Tal vez es el sentido común, o eso que llaman discreción, pero mi reacción es la de una persona tranquila, como si estuviera acostumbrada a ver a mis amigos con sus extremidades hinchadas y brillantes. Me trago el dolor de verlo así, y actúo como si fuera uno más de nuestros encuentros en el pasillo del tercer piso de la facultad, con un café en la mano, riéndonos y tratando de no hacerle un reguero a doña Marina.
Sus días en el hospital los pasa frente a un viejo televisor, de imagen poco nítida y con limitadas opciones de programación. Me rompe el corazón ver a un genio de su talla, alguien que ha consagrado su vida al piano, sin poder disfrutar de buena música en momentos tan críticos.
Le dejo un libro para que lea en sus largas horas de espera y, esta vez, la promesa la hago yo: en un par de días le traeré un reproductor MP3 con música clásica para su disfrute. Un músico de su nivel merece disfrutar lo que más ama en la vida. Le pregunto si tiene una petición especial sobre lo que desea escuchar y me pide que por favor incluya la Novena Sinfonía de Beethoven y la Segunda de Mahler.
Con qué facilidad se quiebra la salud y con qué facilidad se rompen las promesas.

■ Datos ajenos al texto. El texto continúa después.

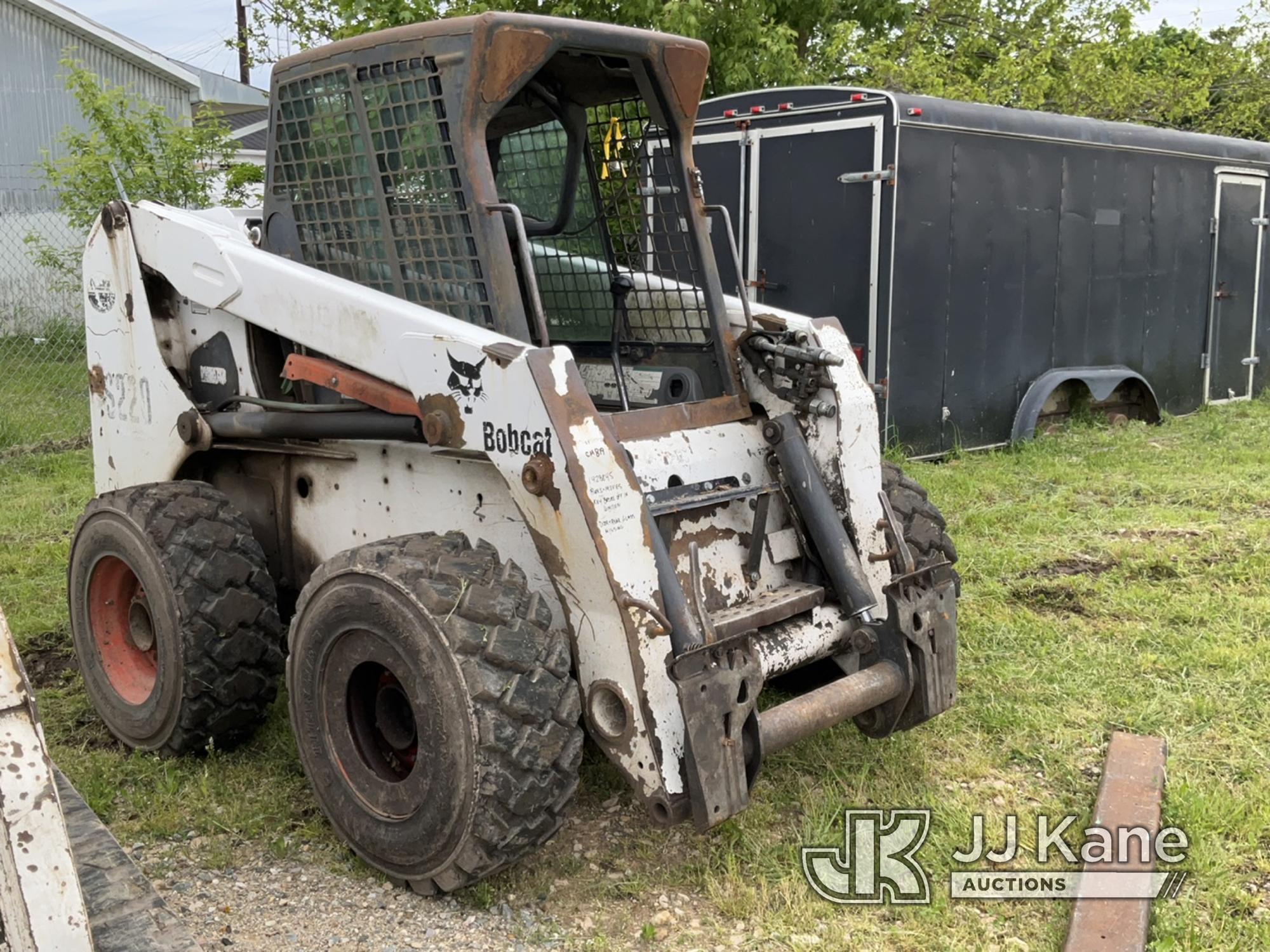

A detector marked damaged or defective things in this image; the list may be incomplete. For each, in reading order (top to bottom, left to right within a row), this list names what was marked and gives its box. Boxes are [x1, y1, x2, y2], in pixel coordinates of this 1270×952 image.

rusty cab canopy [265, 14, 742, 424]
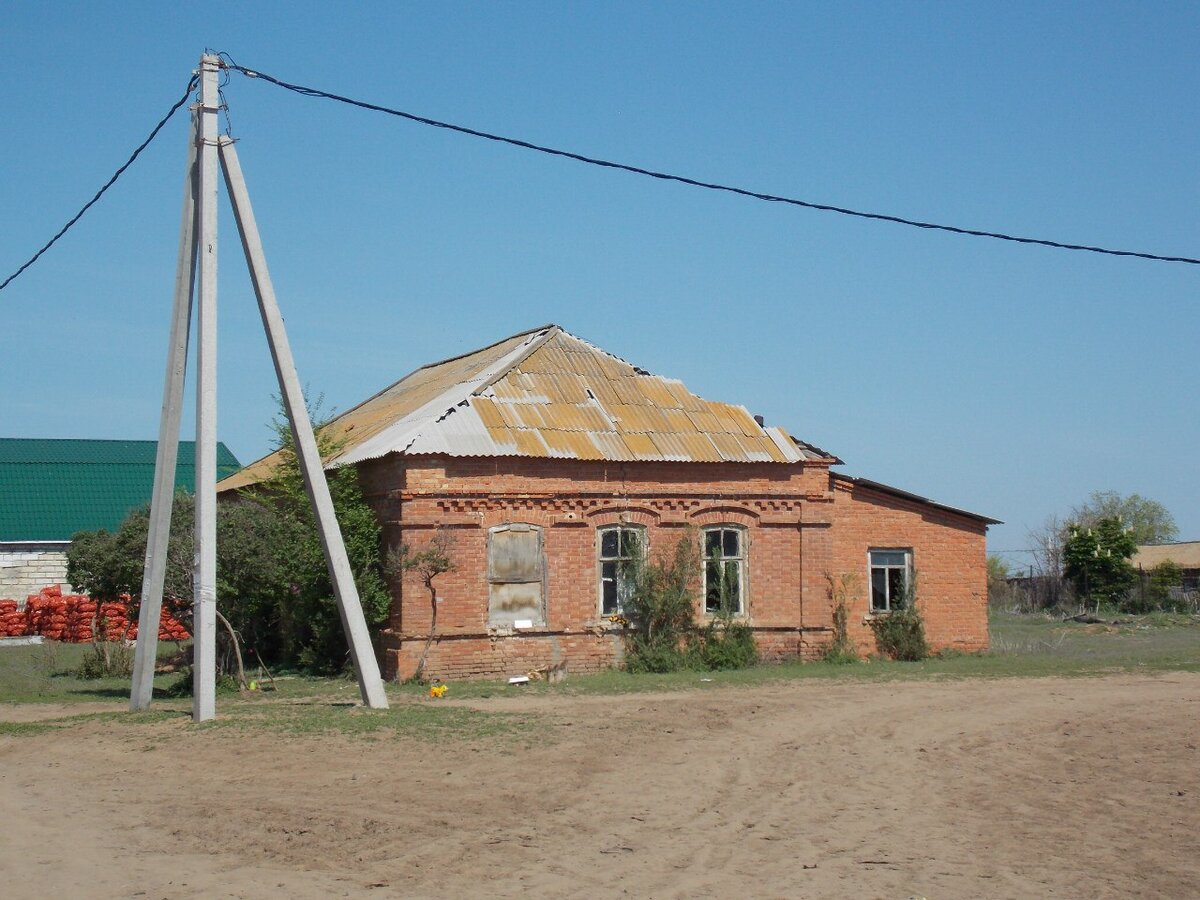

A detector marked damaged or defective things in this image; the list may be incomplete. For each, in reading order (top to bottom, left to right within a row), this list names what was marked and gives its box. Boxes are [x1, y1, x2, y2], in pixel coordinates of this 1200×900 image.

rusty metal roof sheet [220, 324, 830, 494]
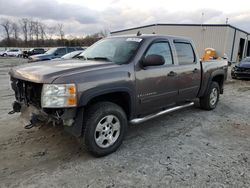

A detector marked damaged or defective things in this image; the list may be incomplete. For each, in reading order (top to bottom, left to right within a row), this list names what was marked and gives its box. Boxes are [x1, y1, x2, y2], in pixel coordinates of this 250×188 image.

damaged front end [8, 76, 81, 134]
cracked headlight [41, 83, 76, 107]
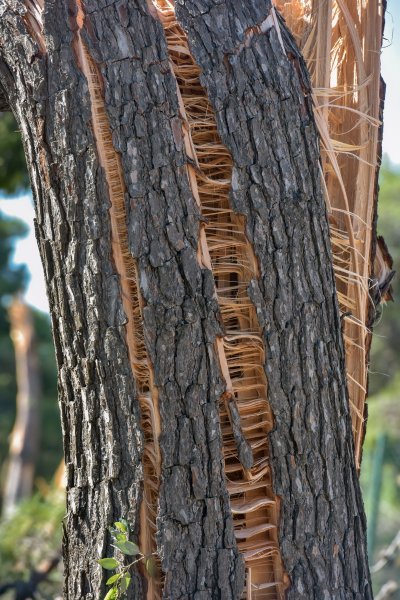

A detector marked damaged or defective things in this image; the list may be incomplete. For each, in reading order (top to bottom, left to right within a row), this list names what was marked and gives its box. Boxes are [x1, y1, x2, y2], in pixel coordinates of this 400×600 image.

splintered wood [74, 7, 162, 596]
splintered wood [155, 2, 288, 596]
splintered wood [276, 0, 384, 468]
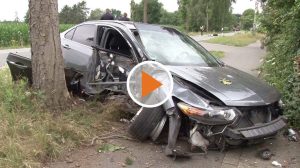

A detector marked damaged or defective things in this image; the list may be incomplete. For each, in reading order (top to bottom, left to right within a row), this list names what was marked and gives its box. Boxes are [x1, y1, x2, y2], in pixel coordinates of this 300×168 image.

shattered windshield [135, 24, 219, 66]
crashed silver sedan [5, 21, 286, 156]
broken headlight [177, 101, 238, 125]
crumpled front bumper [225, 116, 286, 140]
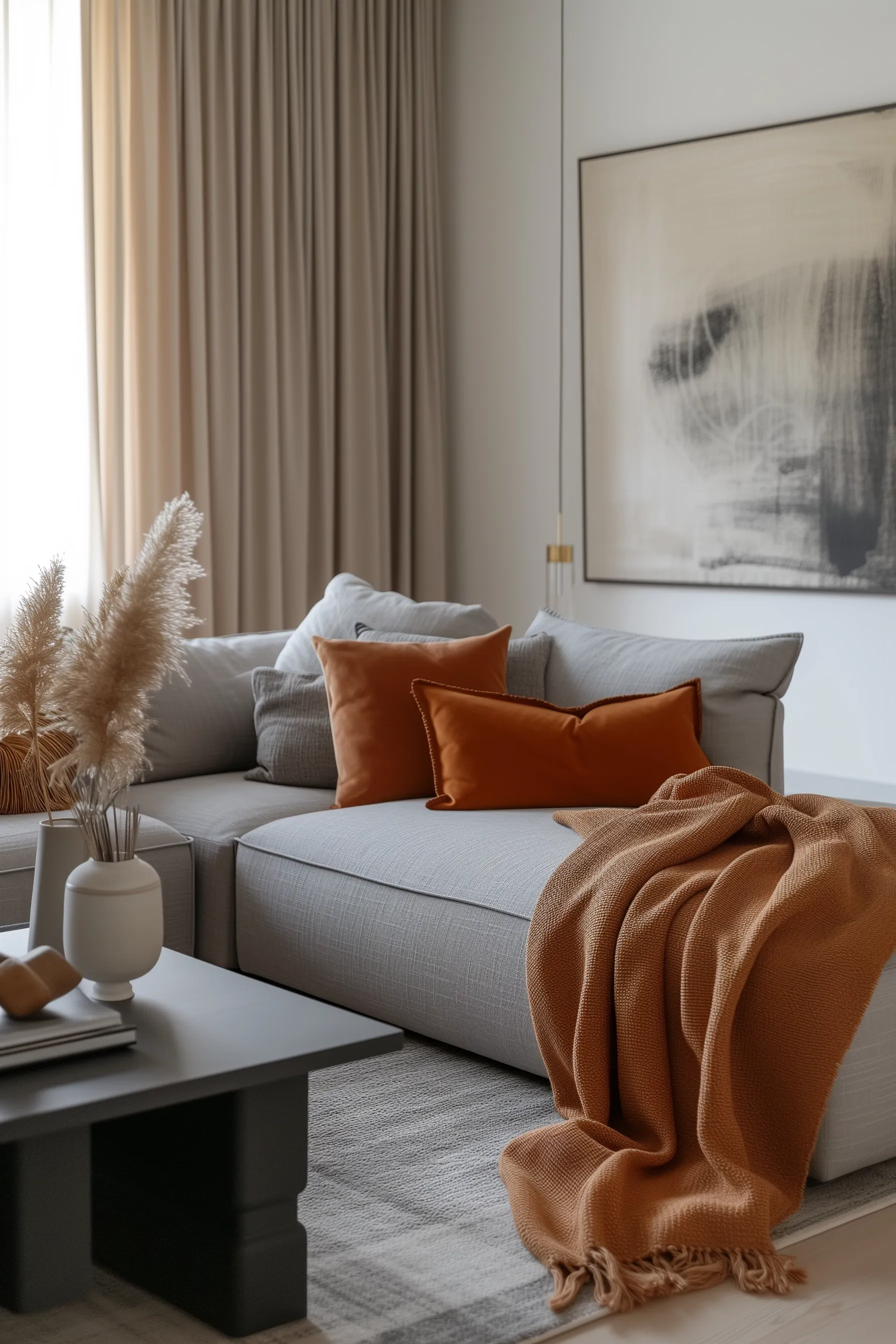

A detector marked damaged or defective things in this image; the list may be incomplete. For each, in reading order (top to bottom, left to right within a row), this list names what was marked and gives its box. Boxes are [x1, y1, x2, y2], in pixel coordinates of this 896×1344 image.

rust knit throw blanket [502, 768, 896, 1312]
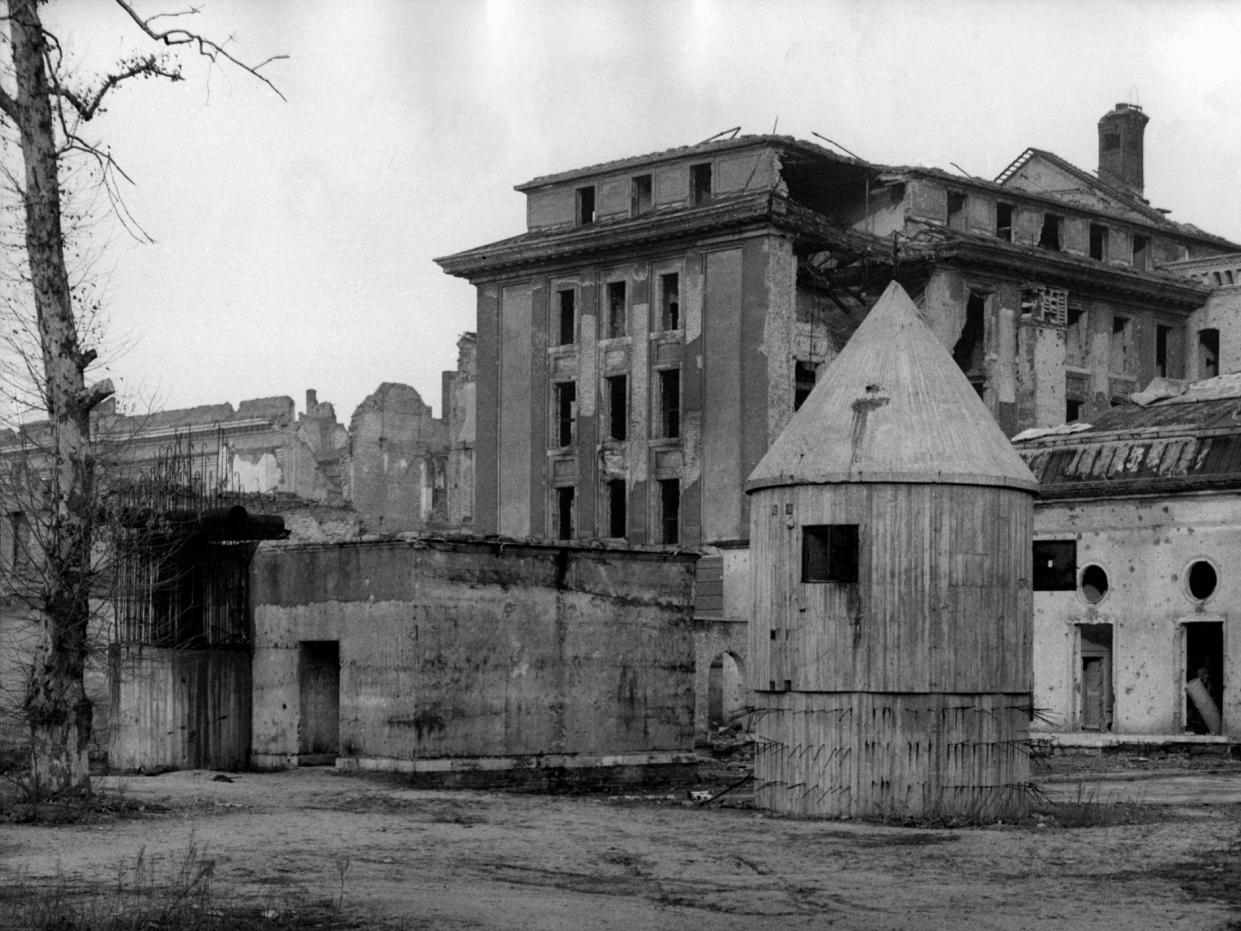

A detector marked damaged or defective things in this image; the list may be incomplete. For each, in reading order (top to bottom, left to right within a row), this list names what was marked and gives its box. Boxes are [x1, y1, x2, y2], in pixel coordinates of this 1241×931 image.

damaged roof [744, 280, 1040, 496]
damaged roof [1012, 374, 1241, 498]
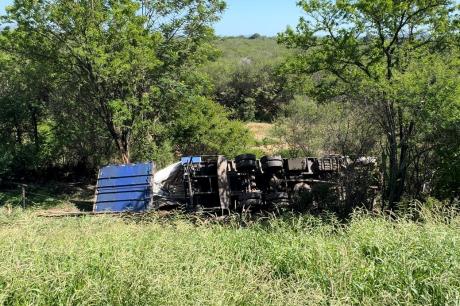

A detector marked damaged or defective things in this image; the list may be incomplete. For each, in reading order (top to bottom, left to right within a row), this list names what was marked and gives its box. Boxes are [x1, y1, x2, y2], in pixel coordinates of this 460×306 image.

overturned truck [92, 154, 378, 214]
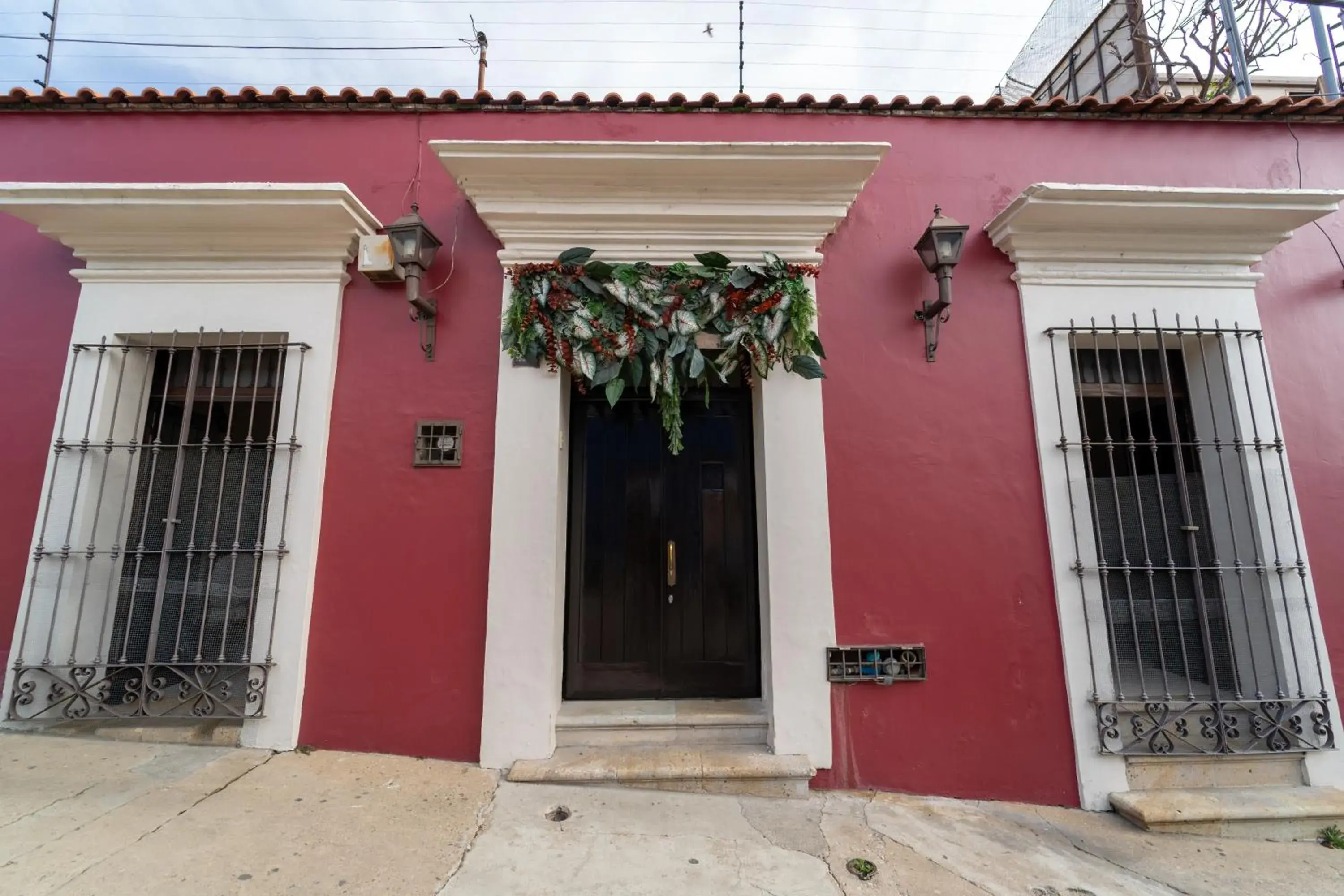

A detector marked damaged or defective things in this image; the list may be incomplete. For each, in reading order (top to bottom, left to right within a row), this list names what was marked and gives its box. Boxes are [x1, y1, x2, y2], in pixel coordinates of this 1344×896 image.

crack in concrete [0, 784, 100, 833]
crack in concrete [50, 752, 277, 892]
crack in concrete [438, 774, 503, 892]
crack in concrete [860, 795, 1000, 892]
crack in concrete [1021, 806, 1193, 896]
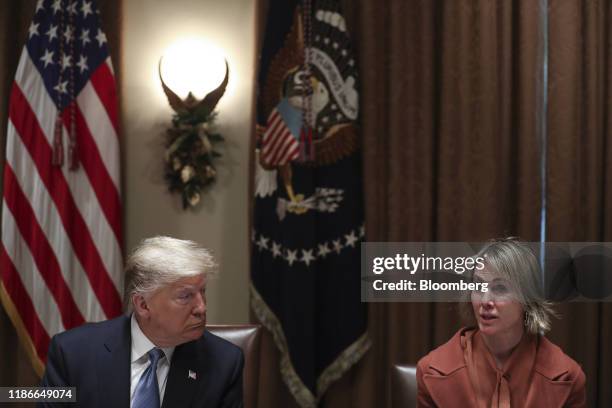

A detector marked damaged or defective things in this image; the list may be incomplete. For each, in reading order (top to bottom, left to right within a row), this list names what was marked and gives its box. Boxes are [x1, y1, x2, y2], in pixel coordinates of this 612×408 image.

rust blazer [418, 328, 584, 408]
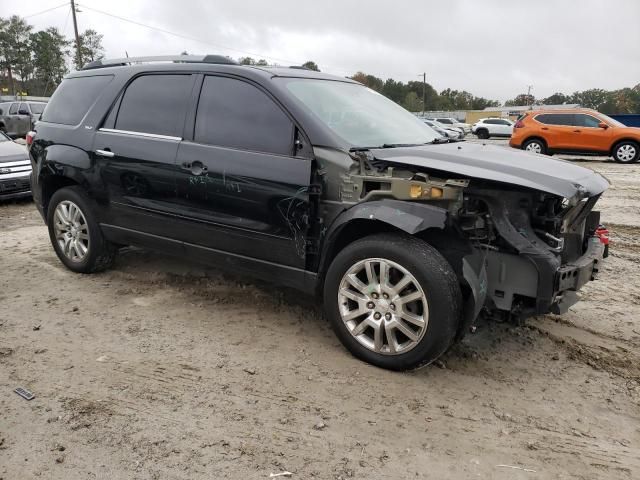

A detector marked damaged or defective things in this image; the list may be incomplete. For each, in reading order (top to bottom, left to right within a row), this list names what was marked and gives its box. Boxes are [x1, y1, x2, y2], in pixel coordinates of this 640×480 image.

crumpled hood [0, 140, 29, 162]
crumpled hood [368, 142, 608, 198]
damaged black suv [30, 56, 608, 372]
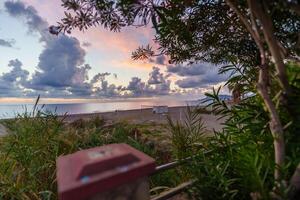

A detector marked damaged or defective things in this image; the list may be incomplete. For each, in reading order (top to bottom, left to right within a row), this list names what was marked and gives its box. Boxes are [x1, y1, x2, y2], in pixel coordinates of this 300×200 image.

rusty red surface [56, 143, 156, 199]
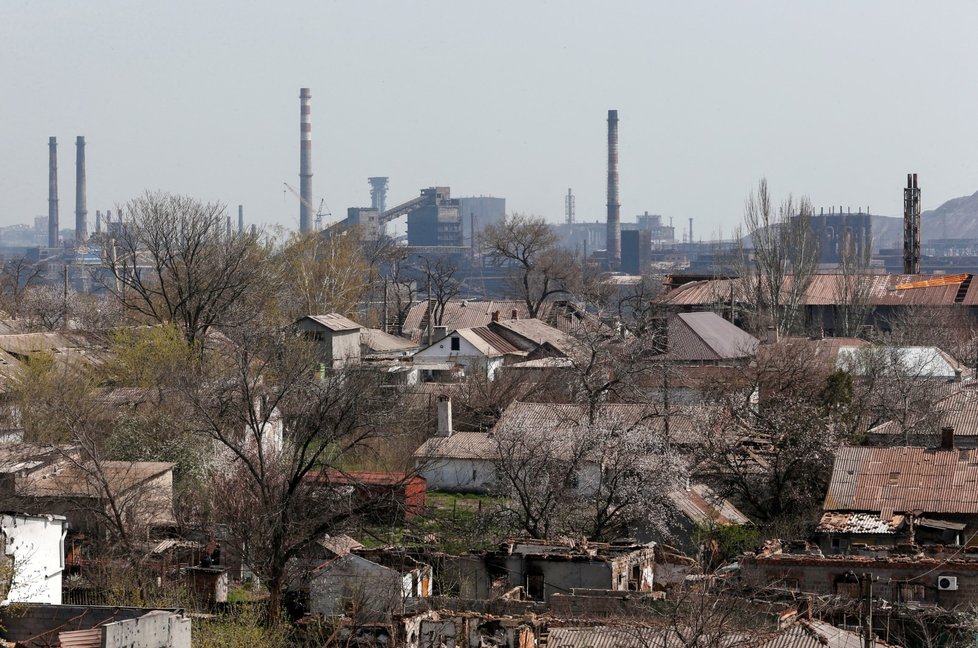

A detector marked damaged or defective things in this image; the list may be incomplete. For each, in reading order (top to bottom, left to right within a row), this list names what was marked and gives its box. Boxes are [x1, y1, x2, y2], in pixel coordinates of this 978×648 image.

rusty metal roof [660, 270, 978, 306]
rusty metal roof [828, 446, 978, 516]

Pensé que tres días serían suficientes. De manera muy rápida todo se difuminó: su salud, su respiración, su ser. Tal vez partió pensando que fue una venganza de mi parte; ya que él no cumplió su promesa, yo decidí romper la mía. Veinticuatro horas más habrían bastado para un último estímulo de dopamina en su cerebro, imaginándose en la audiencia de un gran concierto o repasando en la mente el movimiento de sus manos sobre las teclas blancas y negras, mientras sus ojos siguen la partitura de algún concierto o sonata para piano.
Después de colgar la llamada que anuncia su deceso, en honor a Milton, me pongo mis audífonos y empieza a sonar el trémolo y la melodía inicial de los cellos y los contrabajos de la Sinfonía n.º 2 de Mahler “Resurrección”, que me da la bienvenida al hasta entonces desconocido camino del duelo por la muerte de un amigo.